1959’da bir gün Bağdat Radyosu’ndan sesini duyan Irak Türkleri o gün nasıl da sevinmişlerdi! Bizim de sesimiz yankılanıyor bu âlemde diye. Abdülvahid Küzecioğlular, Reşit Küle Rızalar, İzzettin Nimetler Kerkük’ün, Erbil’in, Tellafer’in, Tuzhurmatı’nın, bütün Irak Türklüğünün sesi olmuşlardı. Sonra Türkmen Kardaşlık Ocağı kuruldu; Kardaşlık dergisi çıkmaya başladı. Sesimiz, dileğimiz, arzumuz oralardan da kalplere doğru yol buldu. Sen Abdurrahman ağam, o yıllarda Türkiye’ye yol buldun; Türkiye anadır, Türkiye hür vatandır, Türkiye ay yıldızlı al bayrağın serbestçe dalgalandığı kutsal varlıktır dedin. Hani giderdiniz ya Türk elçiliğinde asılan bayrağın gölgesine sığınmaya; sen hayır demiştin; bana bu kadarı kâfi değil; al bayrağın serbestçe dalgalandığı topraklarda kanatlanacağım ben. Öyle de yaptın; Ankara Devlet Konservatuvarı’nda sesin daha bir güzelleşti; elin daha bir maharet kazandı. Senin parmaklarında inledi, feryat etti, canlandı ut. Abdurrahman Kızılay artık bir ut virtüözü idi, bir ses virtüözü idi. Kerkük türküleri onun sesinde, onun udunda hayat buluyor, sonsuzluğa doğru yol alıyordu. Onun sesindeki türkülerle Irak Türkleri de ümit doluyor, hayat buluyor, hasret gideriyordu. Belki de bütün Türklük onun sesiyle Kerkük’te yoğunlaşıyor, yoğunlaşıyor, patlamaya hazır bir atom çekirdeği hâline geliyordu. Fakat heyhat! Bu ses, kalpleri yangın yerine çeviren bu ses artık yok!
Başın sağolsun Mehmet Özbek! Başınız sağolsun Suphi Saatçı, Ziyat Akkoyunlu, Mahir Nakip! Ve başınız sağolsun bütün Irak Türkleri! Gönül verenler, hizmet verenler Türklük için, başınız sağolsun!
Ve müjdeler olsun size Kerkük şehitleri Abdullah Abdurrahman, Necdet Koçak, Rıza Demirci, Adil Şerif… Ve daha niceleri… Müjdeler olsun, Abdurrahman Kızılay yanınıza geldi.
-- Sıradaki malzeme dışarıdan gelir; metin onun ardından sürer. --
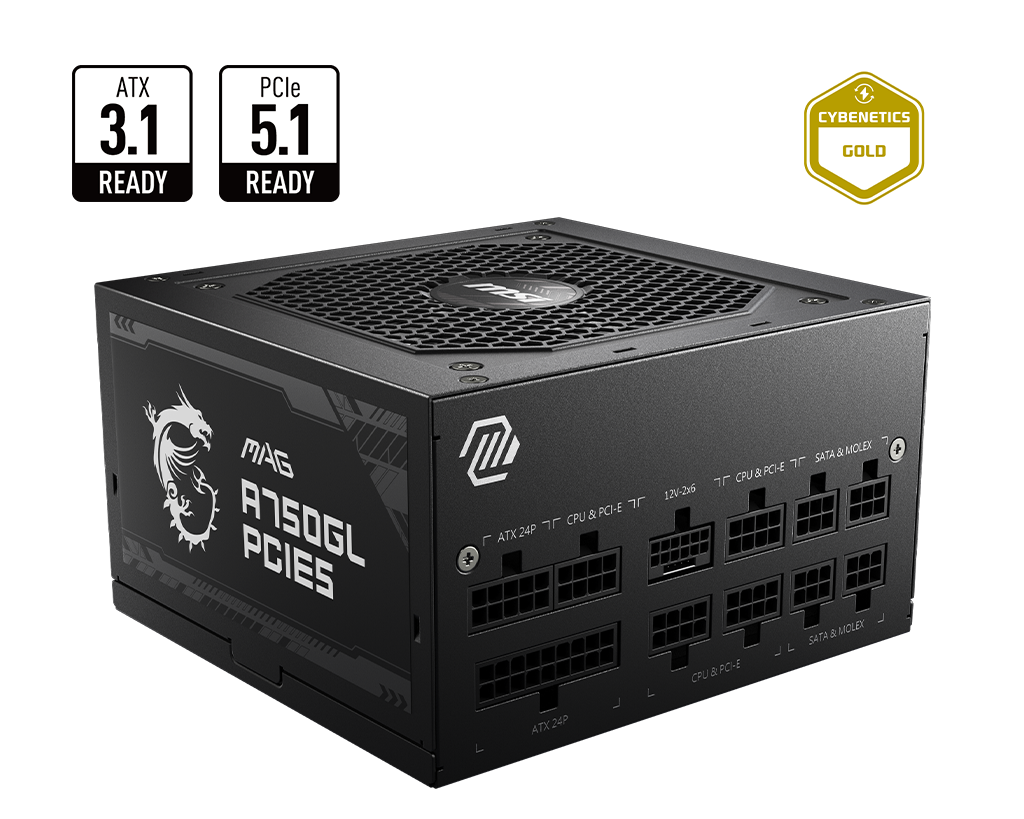 MSI MAG A750GL 750w 80 Plus Gold PCIE 5.1 ATX 3.1 - Full Modular Certified Power Supply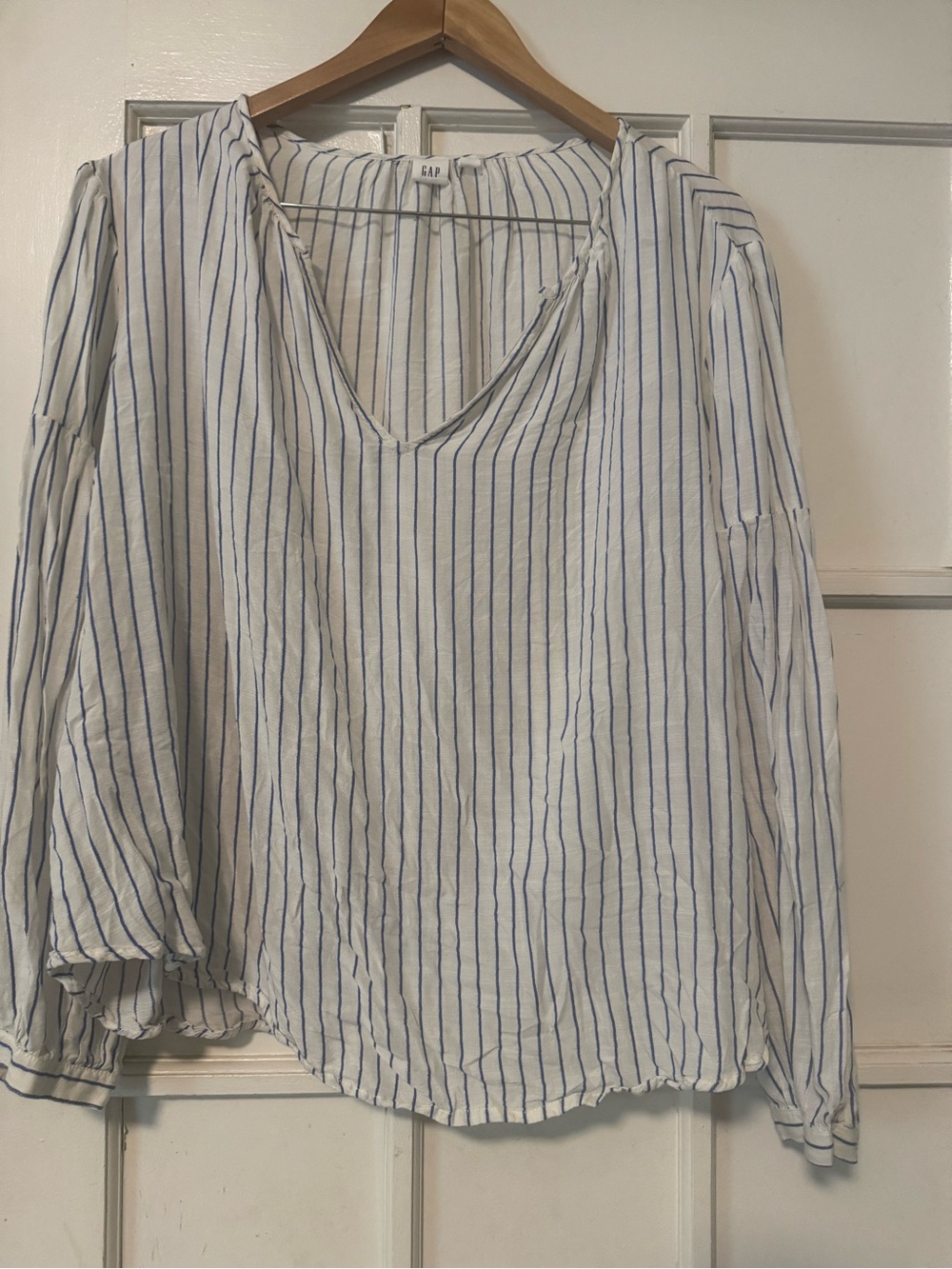 GAP White Blouse with Blue Vertical Stripes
Ruhlar âlemi, Kerkük havalarıyla üzerimizde kanat çırpıyor. Ömer Öztürkmen de orada, Abdurrahman Çelik de. Biraz geride Osman Mazlum, Mustafa Gökkaya, Mehmet Sadık… Daha geride horyatçılar, Muçıla, Şerife, Delliheseni… Ötede Osmanlı libaslarıyla Nevres, Ruhî, Hicrî Dede… En geride Fuzulî… Ruhlar âleminin şairler sultanına yol açıyor sıra sıra şairler. Fuzulî ağır adımlarla yürüyor ve Abdurrahman Kızılay’ın alnından öpüyor.
* * *
Ağa bugün…
Kızılay,
Göçtü gitti Kızılay
Vallah yetim kaldı Kerkügüm
Gamlıdır yıldız ve ay (a yar, a yar, a yar aman!)